Angela Merkel has urged fellow EU member states to reach agreement on the bloc’s future budget and the post-coronavirus recovery fund before the summer break, saying there was an urgent need to show “solidarity” with those countries worst affected by Covid-19.
“The pandemic shows us how vulnerable Europe is,” the German chancellor told MPs on Thursday. “Therefore I want to stress to you that cohesion and solidarity in Europe were never as important as they are today.”
Ms Merkel made the appeal in a speech to the Bundestag setting out Germany’s priorities for the rotating presidency of the EU, which it will take over at the start of July.
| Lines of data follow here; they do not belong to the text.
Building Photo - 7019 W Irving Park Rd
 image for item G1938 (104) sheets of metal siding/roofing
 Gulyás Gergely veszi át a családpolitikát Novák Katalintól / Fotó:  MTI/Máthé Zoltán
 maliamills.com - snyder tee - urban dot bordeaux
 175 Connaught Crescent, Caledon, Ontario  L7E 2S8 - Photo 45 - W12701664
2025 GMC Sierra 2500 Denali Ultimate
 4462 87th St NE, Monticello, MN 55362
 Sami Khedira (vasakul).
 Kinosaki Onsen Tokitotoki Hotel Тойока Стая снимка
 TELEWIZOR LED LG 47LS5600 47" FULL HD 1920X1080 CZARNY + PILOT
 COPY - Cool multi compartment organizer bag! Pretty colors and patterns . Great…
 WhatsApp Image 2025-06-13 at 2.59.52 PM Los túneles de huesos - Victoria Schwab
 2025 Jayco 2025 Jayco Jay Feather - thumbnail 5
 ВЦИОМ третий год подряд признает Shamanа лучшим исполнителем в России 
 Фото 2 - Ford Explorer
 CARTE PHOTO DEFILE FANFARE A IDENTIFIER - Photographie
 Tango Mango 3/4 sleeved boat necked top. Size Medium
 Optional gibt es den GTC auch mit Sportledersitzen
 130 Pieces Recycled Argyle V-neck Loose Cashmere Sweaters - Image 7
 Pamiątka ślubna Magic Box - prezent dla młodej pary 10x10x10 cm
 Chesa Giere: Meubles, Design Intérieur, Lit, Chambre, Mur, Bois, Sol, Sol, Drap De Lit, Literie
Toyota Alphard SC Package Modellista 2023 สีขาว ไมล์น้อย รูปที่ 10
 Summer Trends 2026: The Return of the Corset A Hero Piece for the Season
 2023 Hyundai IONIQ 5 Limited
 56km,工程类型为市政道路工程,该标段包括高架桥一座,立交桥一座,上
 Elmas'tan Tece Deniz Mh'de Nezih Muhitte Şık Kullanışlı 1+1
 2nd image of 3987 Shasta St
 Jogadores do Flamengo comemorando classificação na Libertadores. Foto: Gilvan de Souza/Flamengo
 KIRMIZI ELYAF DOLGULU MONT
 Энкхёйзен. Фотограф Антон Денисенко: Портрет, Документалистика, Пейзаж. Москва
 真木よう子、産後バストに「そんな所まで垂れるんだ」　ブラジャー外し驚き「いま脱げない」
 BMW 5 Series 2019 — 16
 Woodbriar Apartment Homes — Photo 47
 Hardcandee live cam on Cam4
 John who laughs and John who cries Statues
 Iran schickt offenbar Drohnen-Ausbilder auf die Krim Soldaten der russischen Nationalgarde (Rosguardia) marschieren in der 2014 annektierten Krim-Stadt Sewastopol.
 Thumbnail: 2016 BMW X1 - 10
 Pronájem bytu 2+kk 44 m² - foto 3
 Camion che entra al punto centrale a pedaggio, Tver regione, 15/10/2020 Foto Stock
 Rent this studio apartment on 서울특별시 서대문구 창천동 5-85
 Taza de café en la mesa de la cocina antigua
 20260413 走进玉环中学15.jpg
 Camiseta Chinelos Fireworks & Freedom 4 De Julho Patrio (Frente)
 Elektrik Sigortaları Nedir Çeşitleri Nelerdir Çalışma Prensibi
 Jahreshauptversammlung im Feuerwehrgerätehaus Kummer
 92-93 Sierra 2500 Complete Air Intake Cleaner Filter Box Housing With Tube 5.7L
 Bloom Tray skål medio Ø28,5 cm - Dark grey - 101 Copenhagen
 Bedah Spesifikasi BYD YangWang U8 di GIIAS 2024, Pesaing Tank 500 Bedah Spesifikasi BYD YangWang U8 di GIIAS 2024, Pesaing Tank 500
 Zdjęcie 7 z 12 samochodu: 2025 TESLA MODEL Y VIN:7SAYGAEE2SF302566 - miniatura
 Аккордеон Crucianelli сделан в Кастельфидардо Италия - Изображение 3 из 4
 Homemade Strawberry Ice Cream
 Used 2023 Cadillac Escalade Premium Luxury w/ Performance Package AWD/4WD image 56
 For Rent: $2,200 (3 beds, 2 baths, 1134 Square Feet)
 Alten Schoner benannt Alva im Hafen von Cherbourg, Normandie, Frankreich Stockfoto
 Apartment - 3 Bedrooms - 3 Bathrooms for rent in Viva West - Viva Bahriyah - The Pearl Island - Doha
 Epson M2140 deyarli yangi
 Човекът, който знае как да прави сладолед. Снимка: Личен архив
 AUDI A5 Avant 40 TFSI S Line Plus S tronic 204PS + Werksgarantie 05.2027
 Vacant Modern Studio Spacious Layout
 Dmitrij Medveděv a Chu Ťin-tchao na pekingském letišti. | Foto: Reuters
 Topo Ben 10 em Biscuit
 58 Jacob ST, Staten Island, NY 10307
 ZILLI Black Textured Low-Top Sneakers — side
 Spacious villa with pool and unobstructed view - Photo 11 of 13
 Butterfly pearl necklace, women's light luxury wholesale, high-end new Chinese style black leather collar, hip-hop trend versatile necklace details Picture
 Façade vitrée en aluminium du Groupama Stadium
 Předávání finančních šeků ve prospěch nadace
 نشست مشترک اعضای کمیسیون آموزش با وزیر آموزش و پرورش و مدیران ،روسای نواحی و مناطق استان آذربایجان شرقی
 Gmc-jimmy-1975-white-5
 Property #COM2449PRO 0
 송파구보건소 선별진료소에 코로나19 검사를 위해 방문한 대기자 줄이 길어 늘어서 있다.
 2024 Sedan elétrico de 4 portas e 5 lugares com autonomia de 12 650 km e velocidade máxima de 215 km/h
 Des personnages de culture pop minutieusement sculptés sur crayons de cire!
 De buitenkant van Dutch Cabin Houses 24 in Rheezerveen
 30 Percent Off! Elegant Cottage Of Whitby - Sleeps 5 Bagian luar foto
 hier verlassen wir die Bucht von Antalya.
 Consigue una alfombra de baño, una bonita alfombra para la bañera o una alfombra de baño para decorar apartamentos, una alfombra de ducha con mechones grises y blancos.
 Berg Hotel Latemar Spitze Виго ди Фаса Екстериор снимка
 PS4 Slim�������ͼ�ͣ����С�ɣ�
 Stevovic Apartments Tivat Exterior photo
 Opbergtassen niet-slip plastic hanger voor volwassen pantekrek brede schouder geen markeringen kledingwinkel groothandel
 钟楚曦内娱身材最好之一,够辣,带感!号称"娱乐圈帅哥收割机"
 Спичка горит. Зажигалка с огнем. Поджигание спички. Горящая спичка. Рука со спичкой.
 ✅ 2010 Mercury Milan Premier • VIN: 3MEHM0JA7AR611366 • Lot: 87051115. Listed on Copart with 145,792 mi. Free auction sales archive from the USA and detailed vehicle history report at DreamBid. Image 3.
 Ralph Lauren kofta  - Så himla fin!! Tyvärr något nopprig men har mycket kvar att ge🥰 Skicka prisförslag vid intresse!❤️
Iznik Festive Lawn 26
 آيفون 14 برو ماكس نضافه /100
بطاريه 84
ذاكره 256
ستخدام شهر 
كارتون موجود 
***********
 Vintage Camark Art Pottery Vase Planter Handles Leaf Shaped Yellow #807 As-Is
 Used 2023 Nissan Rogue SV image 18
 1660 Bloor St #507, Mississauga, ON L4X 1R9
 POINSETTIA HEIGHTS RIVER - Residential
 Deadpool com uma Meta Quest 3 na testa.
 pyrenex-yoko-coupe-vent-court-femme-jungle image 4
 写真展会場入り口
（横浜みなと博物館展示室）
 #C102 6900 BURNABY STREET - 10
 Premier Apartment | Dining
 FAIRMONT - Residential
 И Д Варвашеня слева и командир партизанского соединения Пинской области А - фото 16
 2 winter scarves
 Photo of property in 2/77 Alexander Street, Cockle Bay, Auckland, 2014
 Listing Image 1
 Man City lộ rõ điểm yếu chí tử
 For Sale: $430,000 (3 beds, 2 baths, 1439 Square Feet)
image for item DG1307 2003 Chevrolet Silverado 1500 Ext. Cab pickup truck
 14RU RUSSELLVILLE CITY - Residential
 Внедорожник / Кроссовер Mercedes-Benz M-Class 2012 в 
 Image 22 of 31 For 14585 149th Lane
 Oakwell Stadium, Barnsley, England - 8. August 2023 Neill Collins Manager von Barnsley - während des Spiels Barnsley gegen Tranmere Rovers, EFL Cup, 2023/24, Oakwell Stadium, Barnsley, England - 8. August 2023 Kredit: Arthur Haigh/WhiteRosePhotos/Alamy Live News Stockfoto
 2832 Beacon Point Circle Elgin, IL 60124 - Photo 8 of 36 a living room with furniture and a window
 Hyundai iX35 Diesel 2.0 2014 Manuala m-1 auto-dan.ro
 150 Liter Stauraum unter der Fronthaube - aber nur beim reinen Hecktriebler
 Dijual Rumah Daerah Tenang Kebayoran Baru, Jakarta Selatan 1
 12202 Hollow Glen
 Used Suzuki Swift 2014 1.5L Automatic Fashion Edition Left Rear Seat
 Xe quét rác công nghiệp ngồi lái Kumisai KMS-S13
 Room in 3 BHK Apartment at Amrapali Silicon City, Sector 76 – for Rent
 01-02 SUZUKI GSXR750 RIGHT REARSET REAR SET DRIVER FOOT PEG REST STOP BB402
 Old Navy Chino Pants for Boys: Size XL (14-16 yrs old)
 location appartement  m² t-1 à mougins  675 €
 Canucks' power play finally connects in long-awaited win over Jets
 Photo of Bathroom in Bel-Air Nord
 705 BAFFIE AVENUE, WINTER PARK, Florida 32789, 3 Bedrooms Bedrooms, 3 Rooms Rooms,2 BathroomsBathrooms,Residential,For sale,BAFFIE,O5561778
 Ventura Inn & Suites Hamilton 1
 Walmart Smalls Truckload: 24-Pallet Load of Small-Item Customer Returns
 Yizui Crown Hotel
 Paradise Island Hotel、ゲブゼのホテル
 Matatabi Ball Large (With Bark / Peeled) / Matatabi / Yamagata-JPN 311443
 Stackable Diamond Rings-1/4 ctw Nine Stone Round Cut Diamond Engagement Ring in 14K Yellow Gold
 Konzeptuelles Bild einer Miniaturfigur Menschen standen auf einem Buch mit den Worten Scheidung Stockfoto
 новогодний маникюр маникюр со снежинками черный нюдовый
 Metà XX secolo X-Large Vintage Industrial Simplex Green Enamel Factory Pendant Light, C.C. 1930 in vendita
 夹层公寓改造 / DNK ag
She said overcoming the coronavirus crisis would be the “leitmotif” of Germany’s presidency.
The pandemic is set to plunge the EU into the worst recession in its history, and member states are currently discussing a European Commission proposal for a €750bn fund to help pull the bloc back from the brink.
The idea draws heavily on a plan drafted last month by Ms Merkel and Emmanuel Macron, the French president, which envisages the commission borrowing on the capital markets and then passing the money on in the form of grants to countries worst affected by the crisis.
Ms Merkel said a failure to take drastic action to mitigate the economic disruption caused by coronavirus would only help populist forces opposed to the European project.
“Anti-democratic forces, radical, authoritarian movements are only waiting for economic crises in order to misuse them politically,” she said. “They are only waiting to incite social fears and spread insecurity.”
EU measures to cushion the economic fallout of the pandemic were therefore a “political instrument against populists and radicals”.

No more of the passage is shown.